Il botanico Turner la descrive nel suo “ New Herbal”, stampato nel 1562. In Inghilterra, al tempo di Enrico VIII, con la sua radice si facevano piccole immagini per raffigurare un uomo – si usavano dei grani di miglio per gli occhi – e si riteneva che queste immagini, chiamate “puppettes” o “mammettes” avessero forti poteri magici.
Secondo le cronache del tempo, le signore per bene, specialmente quelle italiane, pagavano sino a 30 ducati d’oro per questi amuleti. In mancanza della mandragora, spesso si utilizzava la radice della comune Byonia, una rampicante spontanea.
Nel periodo elisabettiano era uso comune legare la radice di mandragora ad una fune e farla sradicare da un cane per non sentire il grido delle radici al momento di essere estratte dal terreno. Si riteneva infatti che quell’urlo avrebbe provocato la morte dell’uomo che estraeva la pianta.

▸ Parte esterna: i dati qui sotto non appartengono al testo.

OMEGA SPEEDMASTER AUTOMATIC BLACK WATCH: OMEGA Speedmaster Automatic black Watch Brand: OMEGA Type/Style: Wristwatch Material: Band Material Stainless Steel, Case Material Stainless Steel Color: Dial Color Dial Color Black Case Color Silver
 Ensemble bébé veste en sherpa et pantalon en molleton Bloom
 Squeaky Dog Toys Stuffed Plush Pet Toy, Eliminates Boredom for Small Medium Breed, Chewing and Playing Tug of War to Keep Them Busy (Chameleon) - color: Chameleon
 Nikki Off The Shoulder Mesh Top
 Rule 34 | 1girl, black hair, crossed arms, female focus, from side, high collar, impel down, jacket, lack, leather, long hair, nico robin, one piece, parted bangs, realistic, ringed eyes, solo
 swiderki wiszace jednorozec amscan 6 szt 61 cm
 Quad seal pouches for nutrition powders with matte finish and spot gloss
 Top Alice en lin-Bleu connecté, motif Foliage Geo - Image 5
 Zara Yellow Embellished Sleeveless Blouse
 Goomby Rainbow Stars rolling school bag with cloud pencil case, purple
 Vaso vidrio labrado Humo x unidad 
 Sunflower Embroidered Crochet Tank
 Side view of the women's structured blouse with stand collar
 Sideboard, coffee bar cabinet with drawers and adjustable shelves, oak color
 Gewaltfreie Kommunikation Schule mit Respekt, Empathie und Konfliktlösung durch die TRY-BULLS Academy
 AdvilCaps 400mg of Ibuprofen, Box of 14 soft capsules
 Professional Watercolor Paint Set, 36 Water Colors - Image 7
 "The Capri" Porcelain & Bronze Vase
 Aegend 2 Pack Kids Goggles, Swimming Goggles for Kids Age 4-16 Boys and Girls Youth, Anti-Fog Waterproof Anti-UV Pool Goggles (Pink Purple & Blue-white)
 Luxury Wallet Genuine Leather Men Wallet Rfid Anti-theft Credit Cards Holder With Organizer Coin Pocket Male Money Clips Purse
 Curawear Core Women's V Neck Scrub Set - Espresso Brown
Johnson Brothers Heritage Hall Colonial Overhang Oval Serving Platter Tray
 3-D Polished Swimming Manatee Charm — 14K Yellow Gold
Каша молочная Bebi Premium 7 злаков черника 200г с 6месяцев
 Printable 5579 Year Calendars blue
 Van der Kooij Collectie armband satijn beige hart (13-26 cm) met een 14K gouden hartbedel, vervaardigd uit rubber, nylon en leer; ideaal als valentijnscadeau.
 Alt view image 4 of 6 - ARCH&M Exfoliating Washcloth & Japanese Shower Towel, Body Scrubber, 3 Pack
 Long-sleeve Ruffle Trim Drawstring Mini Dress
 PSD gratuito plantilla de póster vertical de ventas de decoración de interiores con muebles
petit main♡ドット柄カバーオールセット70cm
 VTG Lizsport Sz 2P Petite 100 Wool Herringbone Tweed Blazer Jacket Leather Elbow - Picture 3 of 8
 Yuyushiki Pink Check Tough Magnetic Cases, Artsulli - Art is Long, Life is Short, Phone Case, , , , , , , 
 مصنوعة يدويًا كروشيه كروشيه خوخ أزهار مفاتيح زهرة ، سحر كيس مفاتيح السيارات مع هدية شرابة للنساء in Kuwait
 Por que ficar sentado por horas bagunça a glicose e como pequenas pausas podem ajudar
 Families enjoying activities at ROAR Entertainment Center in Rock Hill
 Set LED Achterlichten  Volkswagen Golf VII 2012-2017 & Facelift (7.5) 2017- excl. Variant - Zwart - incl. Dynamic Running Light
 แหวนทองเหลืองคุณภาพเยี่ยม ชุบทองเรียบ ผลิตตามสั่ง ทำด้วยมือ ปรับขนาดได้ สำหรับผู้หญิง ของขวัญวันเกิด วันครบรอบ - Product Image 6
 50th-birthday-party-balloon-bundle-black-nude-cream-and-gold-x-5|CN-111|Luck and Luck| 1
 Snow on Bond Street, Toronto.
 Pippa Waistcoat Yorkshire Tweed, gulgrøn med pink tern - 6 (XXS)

Dopo aver coltivato due mandragore nel giardino delle erbe dell’Università di Londra, ho cominciato ad amare questa solanacea dalla copiosa fioritura e dal passato misterioso, che ne fa una delle piante più menzionate nelle leggende di magia, di stregoneria, di superstizione e di misteri. I suoi frutti, dal sapore dolce acidulo, mi toglievano la sete nelle calde giornate estive. Al momento della maturazione il suo profumo di ananas e banane riempiva l’angolo del giardino dove i frutti, simili a pomodori tondi riuniti al centro delle foglie che facevano corona, attiravano l’attenzione per il colore giallo paglierino.
Solo oggi, però, dopo averla vista in un diverso habitat, ho riconosciuto la sua parte migliore: la resistenza, il potere di crescere in un ambiente avverso ad ogni tipo di vegetazione. Nei pressi di Agrigento, in un clima terribilmente arido dopo mesi e mesi di siccità, ho visto le sue corolle rispecchiare il blu violaceo del cielo, sola tra le pietre ed i resti di un lontano passato, su di un suolo rosso bruciato, che dava risalto al verde smeraldo delle sue ampie foglie.
Unici compagni, in lontananza, un gruppo di asfodeli slanciavano verso il cielo le lunghe e forti spighe di corolle bianche, abbarbicati con le forti radici fasciculate in queste terre aride.
Nei miei vagabondaggi in Sicilia, visitando la piana di Selinunte, dove i resti dei grandiosi templi si specchiano nel mare, fra le agavi dalle svettanti e sinuose foglie blu acciaio, opuntie e terebinto giganti, ho visto le foglie della Mandragora officinalis var. autumnalis, bellissima nella sua semplicità, e così forte da poter rompere l’aridità di uno suolo malvagio con la forza racchiusa nelle grandi radici umanizzate nei secoli dalla storia.

Mi sono chinato per osservarla meglio, per ringraziarla ancora una volta di offrirmi la sua volontà di vita nella luce accecante del Sud.
Questa grande gioia di vivere quasi nell’impossibile dovrebbe essere premiata, facendocela amica, offrendole un angolo nel nostro giardino, una parte del nostro amore. Sono sicuro che saprebbe ricompensarci con la sua parte più bella.